# Pumpkin Hammock



## ration1802 (Sep 25, 2007)

Well, I got strangely creative at 10pm last night, after doing a little online browsing I saw a great hammock that was shaped like a ball! So I thought "Oh, yanno, that can't be TOO hard!"

Well, mine ended up like this



















Admittedly, looking at it now, the 'door' looks too big, but the idea was that it has to fit 3 large ladies and a wee one in it at once. If I make another, I was thinking perhaps making more of a 'window' to make it extra snug inside. It does hang off the floor of the shelf - perhaps an inch or so when one of them are in it.

It's not TOO bad for a first attempt, but does anyone have any suggestions for making it better?


----------



## Fuzzie (Apr 25, 2007)

we learned (oddly enough) how to sew a fabric ball in school. the blue is the basic shape, make enough to make a ball using the small pattern (or one short of a full ball for a large door), the green is a variation on the shape depending on what kind of ball you want, as well as a variation on the opening (simply cut one hole in one of the sections, or do a "swiss cheese" variation). The red is the fourth opening type, hack the tip off each section, easy, but not nearly as neat. 
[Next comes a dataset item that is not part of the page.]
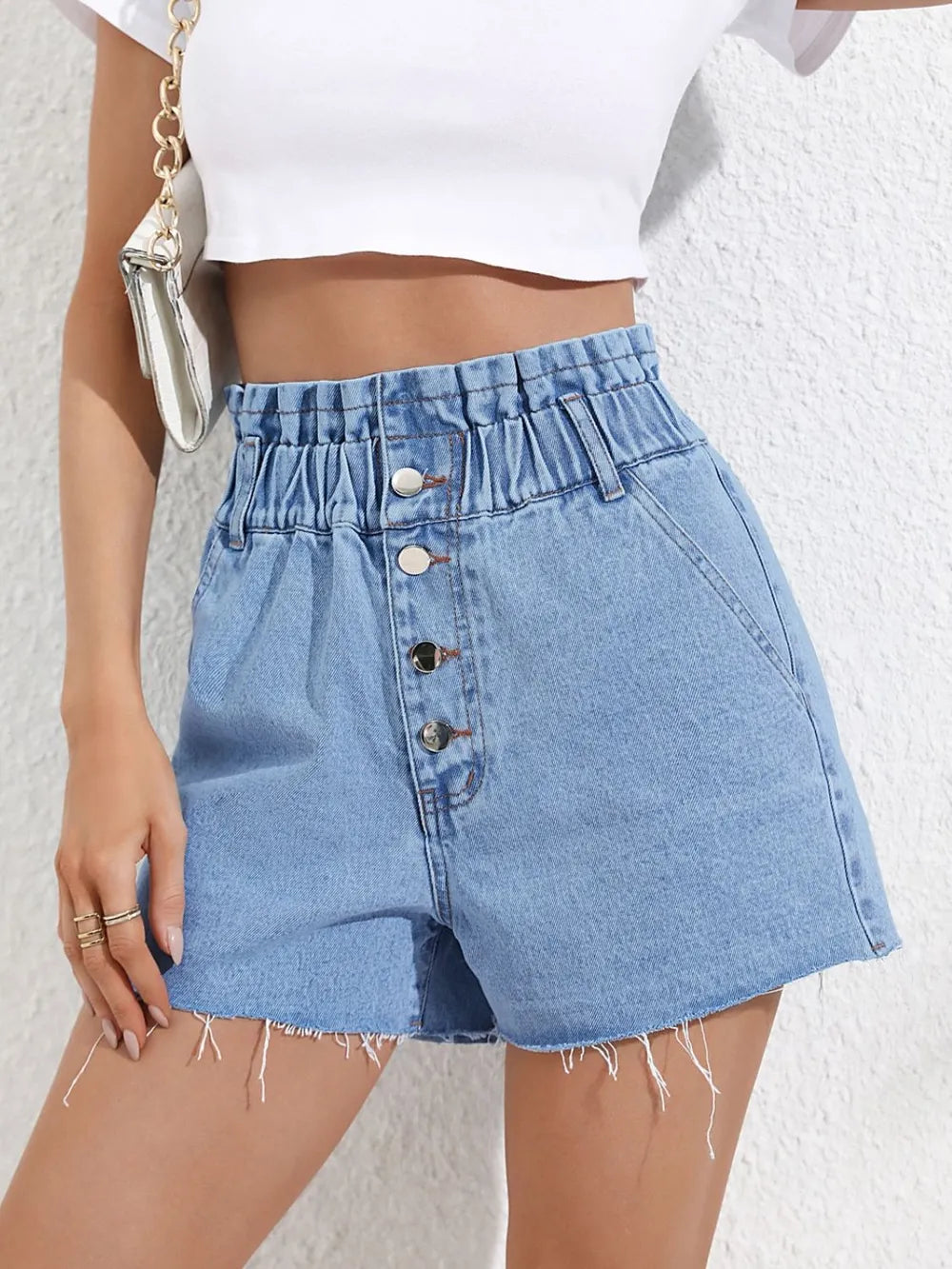 Fashionable high waisted loose and slimming denim shorts with frayed edges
I reccomend making various section types out of paper, then make enough of one for a ball so it's neat and matched up how you like it. good luck!


----------



## ratlover4everrr (Jan 31, 2008)

ohhh someone send me some intructions on how to make those! they look so cool! and ration1802 yours is very cute. =]


----------



## ration1802 (Sep 25, 2007)

Thank you very much Fuzzie, I'll give those a go. I made mine based on a similar template to the blue - I'm going to try one that uses one that is similar but uses halfs (the blue cut in half length ways, not height ways). That way, hopefully, by leaving one half out, it'll be enough to make a door


----------



## Phoenix (Jan 29, 2008)

That looks great! I can't imagine what sort of improvements you would need. I need to make a backup hammock and another tunnel, but I think I'll try the Pumpkin Hammock next. Who knew accessorizing rat homes would be so fun!


----------



## Phoenix (Jan 29, 2008)

I finally made one today! It looks cute, now if the girls will only use it  I did bribe them in by placing sunflower seeds inside. Since then I have seen them go in and come back out a few times; probably in hopes the stash gets magically replenished!

I used six of this template enlarged to the size I needed for the inside and six more for the outside. I also put a layer of denim in the bottom for extra reinforcement. I don't think it hangs as well as Ration1802's but I am pleased with it so far. 









I don't know who the extra tail belongs to but it isn't sticking out of the back of the pumpkin hammock.

Thanks for the inspiration Ration1802!


----------



## ration1802 (Sep 25, 2007)

Looks ace! Well done! 

The girls shredded theirs and it now hangs as a 'tent' from the top of their new cage. LOL The denim is a really good idea. Especially as mine chew from the bottom up


----------



## daisy184 (Oct 29, 2007)

they are awesome.... you really should start making them for sale.. if there was anyone in the uk who could make these id DEFINATLY be a buyer...


----------



## ration1802 (Sep 25, 2007)

I'm in the UK - but I don't make them as well as Phoenix LOL


----------



## Phoenix (Jan 29, 2008)

We could debate that all day!

I'd make one for you, but I live in the states. Besides I plan to make some thank you hammocks for the lady who gave us the girls and another set for our friend who donated our first cage to us. It was a significant gift and she refused to take money so I feel I owe her something...


----------



## daisy184 (Oct 29, 2007)

Ration1802 said:


> I'm in the UK - but I don't make them as well as Phoenix LOL


theyre awesome, id defo be up for a purchase..if you're up for it do you have paypal?
id need it to fit two medium sized girlie ratties


----------